5 Ways Teachers Can Improve Their Classroom Management
Captured in a metropolitan Atlanta, Georgia primary school, this photograph depicts a typical classroom scene, where an audience of school children were seated on the floor before a teacher at the front of the room, who was reading an illustrated storybook, during one of the scheduled classroom sessions. One of the female students was assisting the teacher, while the rest of the class listened attentively to the instructor’s narrative. Photo: CDC.
Regardless of the grade that you teach, it is not easy to manage a classroom full of kids. One of the biggest challenges an educator faces is simply managing the classroom.
The good news is that there are proactive steps that you can take to help to make this experience as seamless and as meaningful as possible.
Here are five ways that teachers can improve their classroom management so that they see more success in their job.
Develop Relationships with Students
The cornerstone of all classroom management is the relationship that you have with your students. You might remember special relationships that you had with the childhood educators that may have inspired you to enter this field.
If your students have a positive relationship with you, you will see the fruits of this labor in how you are able to keep a handle on your classroom.
You can cultivate these relationships by taking the time to really get to know your students. Learn about their likes and dislikes, what kind of family background they come from, and what motivates them to do well in the classroom.
When the student feels a connection with you, they are going to be more likely to want to please you and practice good listening skills.
Prepare Lessons in Advance
There is no substitute for adequate preparation. The last thing that you want is to walk into the classroom each morning without your lesson prepared. This will only serve to send you scrambling to prepare, causing you to become distracted and unable to manage the classroom.
Kids are perceptive creatures who will be able to sense that you are not ready to engage them in learning.
Once you get a system down, it will become easier for you to prepare your lessons in advance.
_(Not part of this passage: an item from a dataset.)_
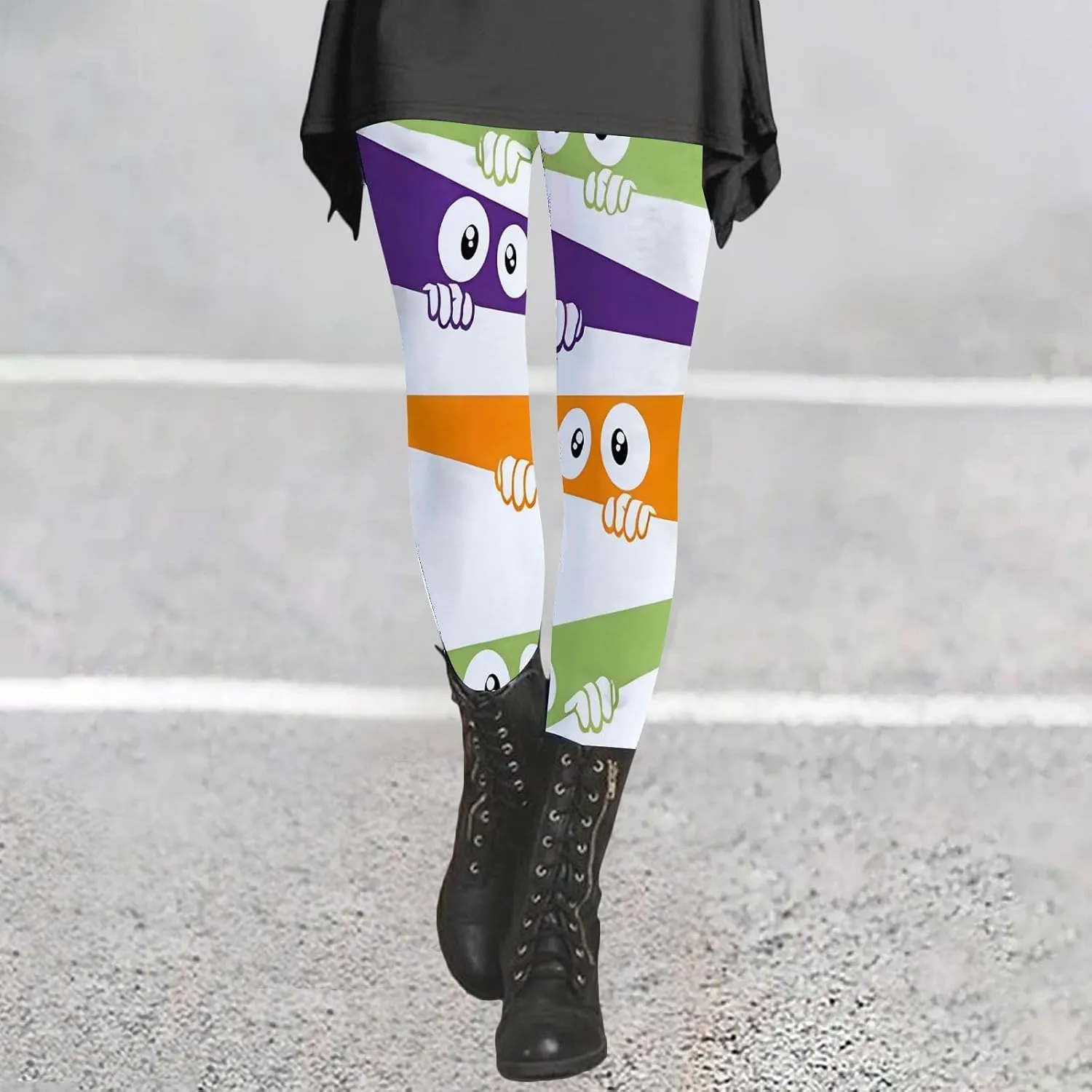 Sheer Print Capri Leggings for Women Women's Printed Yoga Pants with 2 Pockets Christmas Legging Womens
Veteran teachers are an invaluable resource when it comes to looking for tips in lesson planning. Finding a mentor at your school can go a long way in helping you to find a system of preparation that works for you and your classroom.
Enroll in Continuing Education
Even the most experienced teachers will benefit from some form of continuing education. It is always important to learn new teaching methods to push you out of your normal comfort zone and inspire you to get creative in how you manage your classroom.
Enrolling in a teacher development program is a great way to build your skills so that you can practice excellent classroom management. There are numerous ways that you can continue your teacher development. An online seminar is a great way to immerse yourself in the latest research while exploring ways that you can boost your performance in the classroom.
Share Your Plan
Study after study has demonstrated that students learn best when they know their expectations. As a teacher, you can do your part to manage these expectations by being clear about the daily plan and schedule. Keeping a routine that they can count on will ensure that they know what is expected of them to be successful.
Your students cannot think that you are simply winging it. Instead, you want to convey that you are dialed in and expect them to be as well. This means presenting them with a schedule and a set of expectations that they can count on. Once they know the expectations, you will earn their respect and they will be more likely to behave.
When it comes to teaching, attitude is everything. Teachers who provide consistently positive feedback enjoy a calmer classroom.
Students who are nurtured in a loving and positive school environment will naturally attune themselves to their teacher's attitude. Providing specific and positive feedback will also cultivate this aura of calm and organization in your classroom.
Bored students are also more prone to misbehaving in class. By keeping them entertained and engaged, you will naturally see fewer disciplinary issues. This will help you when your goal is to keep the class under control.
Not only will you feel more successful in your teaching endeavors, but your students will also thrive if you are consistent with all of these approaches to managing your class setting.